THE TASK
In the entries below, begin at the line with "SAN FRANCISCO - SEPTEMBER" and stop after the line with "Property, Furniture, Table, Cabinetry, Plant, Wood, Interior"; output those lines exactly and omit the pictures.
########
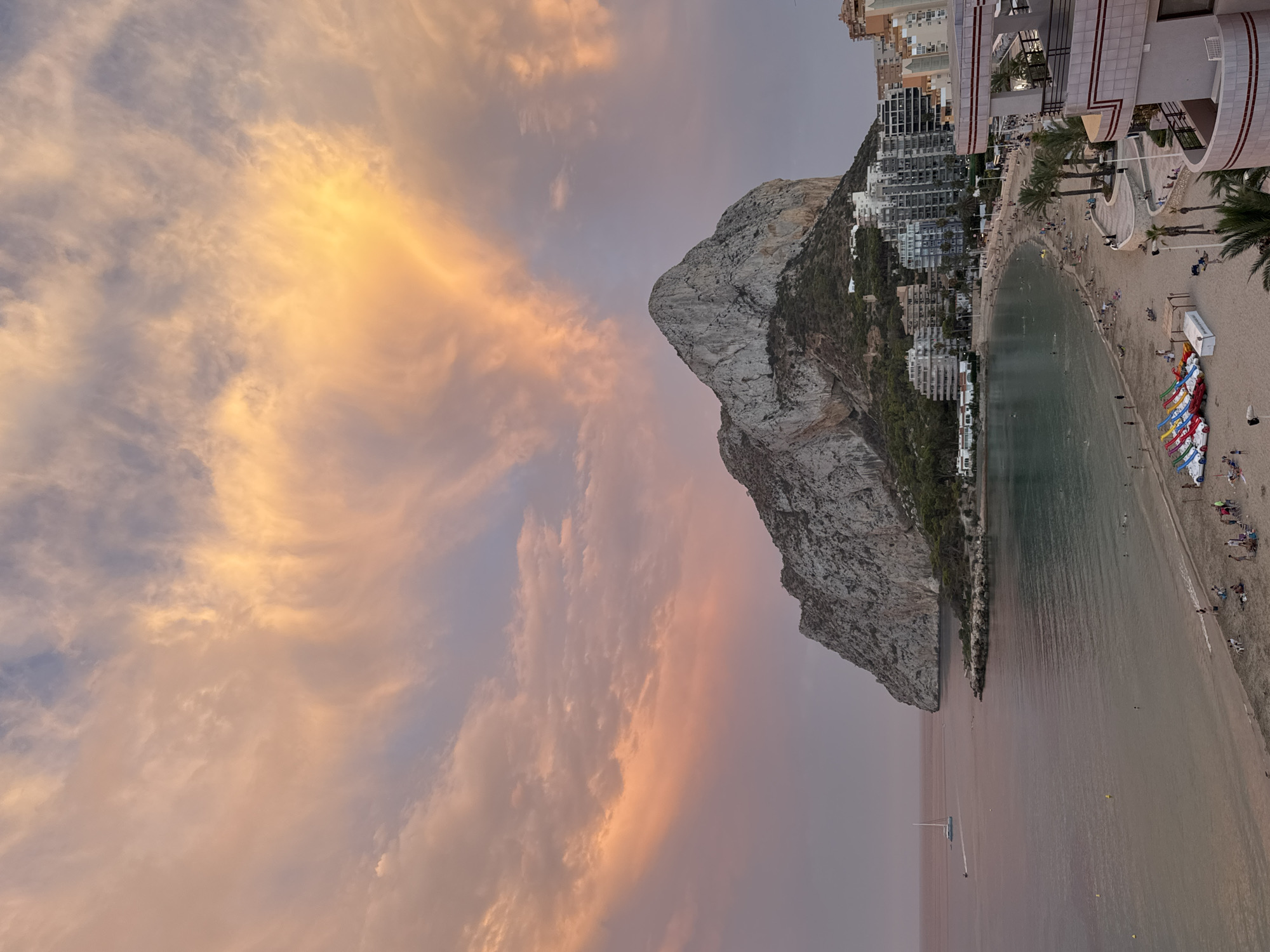 The image depicts a scenic coastal view in Calp, Spain, featuring the iconic Penyal d'Ifac rock formation. The sky above is filled with dramatic, colorful clouds, illuminated by the soft light of either sunrise or sunset, casting hues of orange, pink, and yellow across the scene. Below the sky, the Penyal d'Ifac dominates the mid-ground, a massive, rocky prominence jutting out into the Mediterranean Sea. The lower slopes of the rock are covered in greenery, and the base is dotted with buildings, suggesting a town nestled against the natural landmark.
The foreground shows a sandy beach with several people scattered across it, some walking, some sitting, and some swimming in the calm, greenish waters of the bay. Numerous colorful paddle boats are lined up on the sand, ready for use. Along the beach, a promenade is visible, lined with palm trees and multi-story buildings, indicative of a resort town. A white sailboat with its sails down is seen in the distance on the water to the left of the image. The overall impression is one of a peaceful, picturesque coastal setting, likely captured during a pleasant evening or morning.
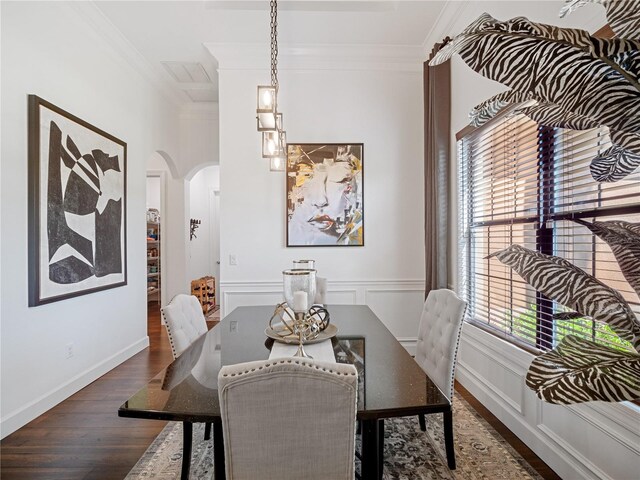 dining room with arched walkways, dark wood finished floors, crown molding, and a decorative wall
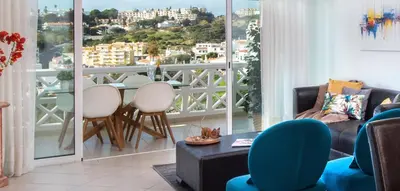 a living room with a balcony with a table and chairs at Sea View Downtown - Albufeira in Albufeira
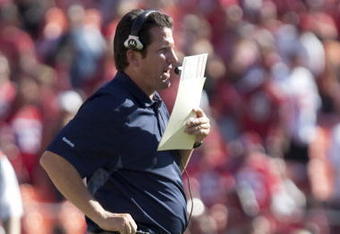 SAN FRANCISCO - SEPTEMBER 20:  Greg Knapp, offensive coordinator for the Seattle Seahawks calls in a play during 4th quarter action during home opener as the San Francisco 49ers host the Seattle Seahawks at Candlestick Park September 20, 2009 in San Francisco, California. (Photo by David Paul Morris/Getty Images)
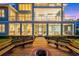 Screened porch with firepit and wooden walkway leading to waterfront at 2806 Bay Vista Ct, New Smyrna Beach, FL 32168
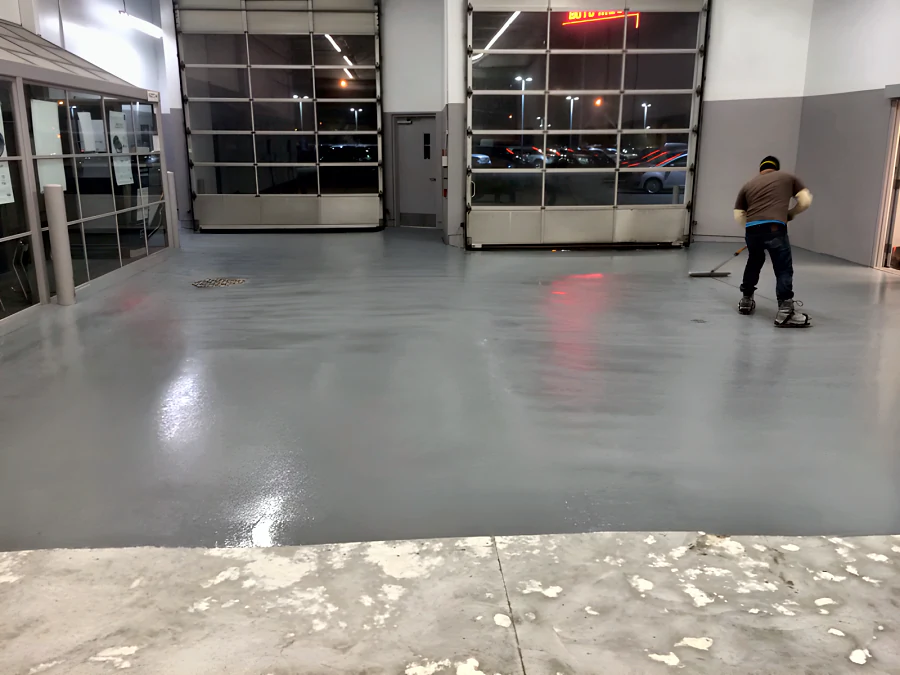 Fresh grey traffic coating going down across the service drive of a Toyota dealership’s old shop in Vancouver, with the prepared concrete still bare in front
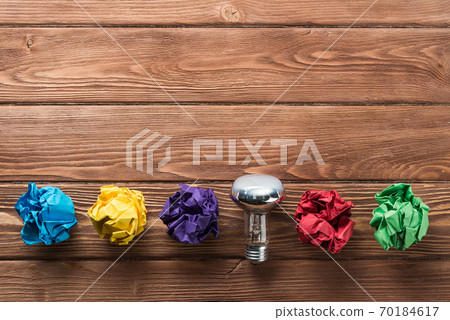 Ideological concept with wastepaper light bulb on wooden table 70184617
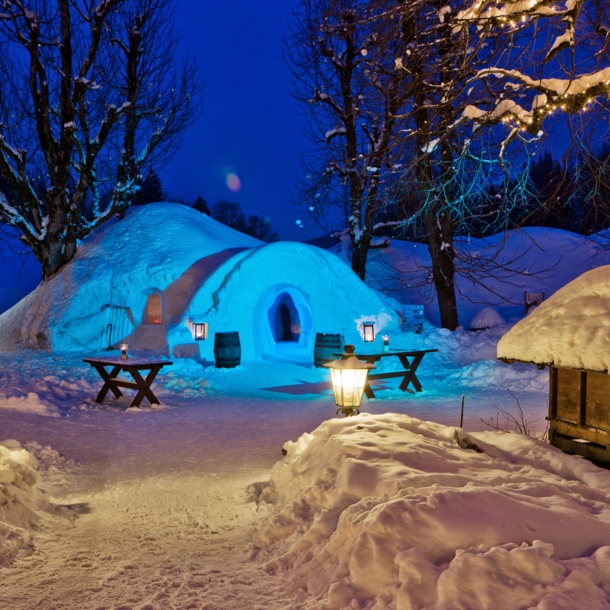 Ein Iglu in einer schneebedeckten Umgebung, daneben Tische und Bäume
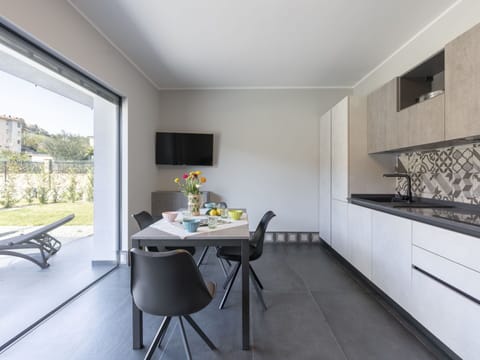 Property, Furniture, Table, Cabinetry, Plant, Wood, Interior Design, Building, Flooring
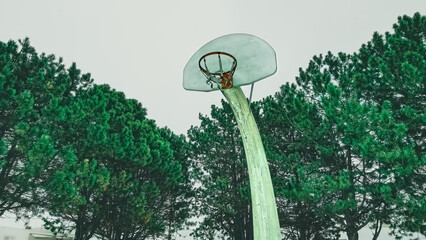 A long necked basketball hoop at a city park © Nealj121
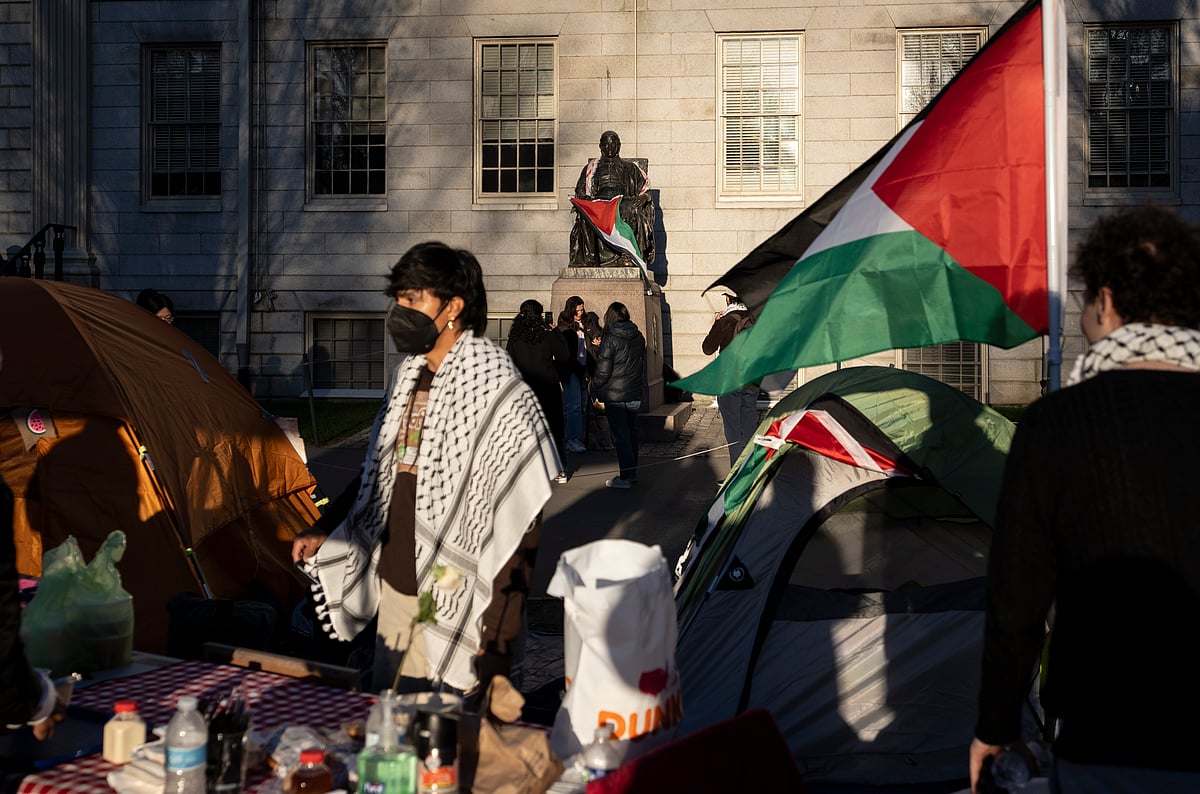 AP Photo/Ben Curtis : A student protester stands in front of the statue of John Harvard, the first major benefactor of Harvard College, draped in the Palestinian flag, at an encampment of students protesting against the war in Gaza, at Harvard University in Cambridge, Mass., April 25, 2024.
########
YOUR RESPONSE
 SAN FRANCISCO - SEPTEMBER 20:  Greg Knapp, offensive coordinator for the Seattle Seahawks calls in a play during 4th quarter action during home opener as the San Francisco 49ers host the Seattle Seahawks at Candlestick Park September 20, 2009 in San Francisco, California. (Photo by David Paul Morris/Getty Images)
 Screened porch with firepit and wooden walkway leading to waterfront at 2806 Bay Vista Ct, New Smyrna Beach, FL 32168
 Fresh grey traffic coating going down across the service drive of a Toyota dealership’s old shop in Vancouver, with the prepared concrete still bare in front
 Ideological concept with wastepaper light bulb on wooden table 70184617
 Ein Iglu in einer schneebedeckten Umgebung, daneben Tische und Bäume
 Property, Furniture, Table, Cabinetry, Plant, Wood, Interior Design, Building, Flooring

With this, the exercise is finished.